Thursday is the 200th birthday of Charles Darwin, the British naturalist whose theory of evolution has been at the center of American public school wars for almost a century. But Darwin’s not to blame for all the fighting—it’s the backward system that governs our public schools.

The granddaddy of battles on this issue is the 1925 “Scopes Monkey Trial,” when Clarence Darrow and William Jennings Bryan feuded over a Tennessee law prohibiting any instruction in public institutions that even questioned “the story of Divine Creation.” A few years ago, Dover, Pennsylvania was ground zero, as the town tore itself apart over a requirement that biology students hear a disclaimer that evolution is a theory, “not a fact.” And there is now a dispute in Texas over public school science standards calling on students to evaluate the “strengths and weaknesses” of scientific theories.

But how are the schools to blame for this wrenching warfare? Isn’t it really all the fault of a relative handful of theocratic literalists who find the idea that human beings share common ancestry with apes, among other things, irreconcilable with the biblical account of creation?

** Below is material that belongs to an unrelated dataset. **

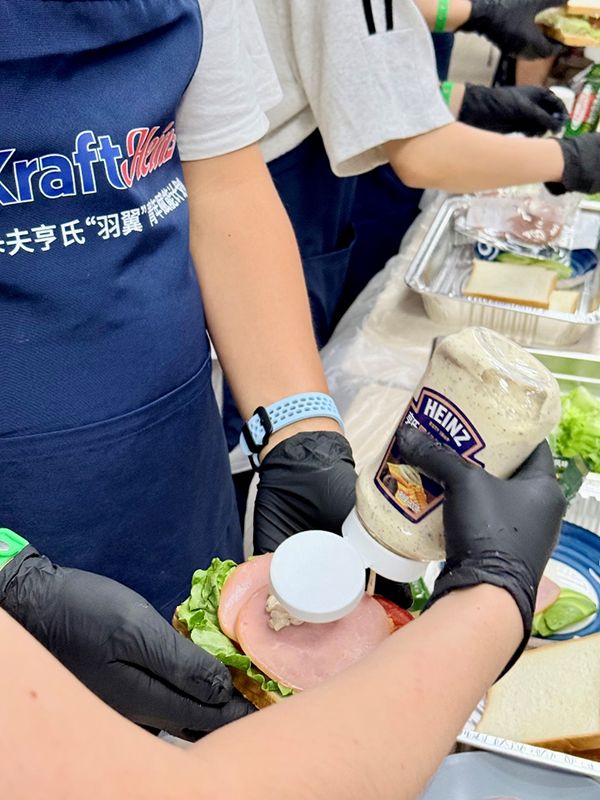 响应国家助残就业号召用美食传递“我们做正确的事”的温度(图5)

Certainly they are a part of the conflict, but theirs is only the most uncompromising opinion. The Catholic church, for example, accepts Darwin’s theory while asserting that the ultimate meaning of life comes through God. On the other end of the spectrum, the most ardent Darwinist wouldn’t claim to know for certain how life sprang from lifelessness, leaving room for both evolution and a creator. And there is always the possibility that something even the vast majority of scientists are certain about will someday be proven incorrect.

The crux of the problem is that public schools can only espouse one view at a time and are unable to handle diversity. That has forced biblical literalists, committed atheists, and everyone in between to endlessly fight for control of the curriculum.

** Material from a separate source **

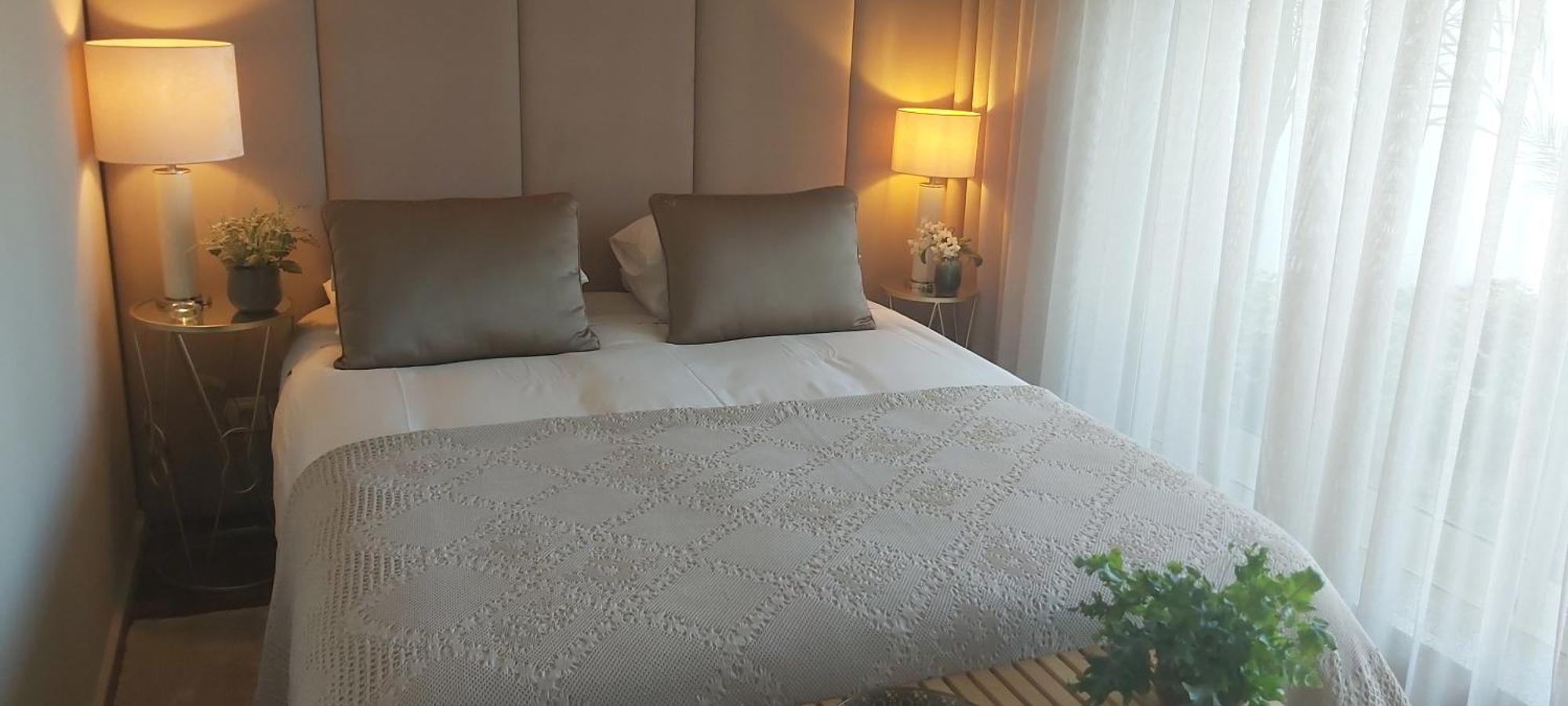 Jardim na Praia Apartament Matosinhos  Ruang foto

And this constant, divisive brawling might not even be the most damaging outcome of having to essentially designate “official” knowledge.

Given the imperfect state of human understanding, progress relies on people being freely able to debate, challenge and disprove one another. Public schooling, with its one-size-must-fit-all limitation, impedes that essential interplay.

Public schools, for one thing, are forbidden to teach anything that hints of religious instruction; even mentioning that God might have created life is often considered out of bounds. Moreover, because of the constantly looming threat of political domination, both creationists and evolutionists fear the slippery slope. They worry that if they allow any doubts to be aired about their beliefs, the total removal of those beliefs from the schools could follow.

That fear drove creationists in the “Scopes Monkey Trial,” and it drives defenders of evolution today. As Eugenie C. Scott, president of the National Center for Science Education, has warned in Texas, “the phrase ‘strengths and weaknesses’ has been spread nationally as a slogan to bring creationism in through the back door.”

Perhaps the most ironic outcome of all this warfare is that it often leaves all sides unhappy. Many religious citizens remain frustrated, with devotional religious instruction prohibited in public institutions. And Darwinists often get left in the cold as well; many teachers are too afraid of stirring up trouble to teach evolution. And such teaching of evolution as there has been over the past eighty years has born little fruit, with roughly half the population still disbelieving it. So, as with most wars, even when one side nominally “wins,” both sides actually lose.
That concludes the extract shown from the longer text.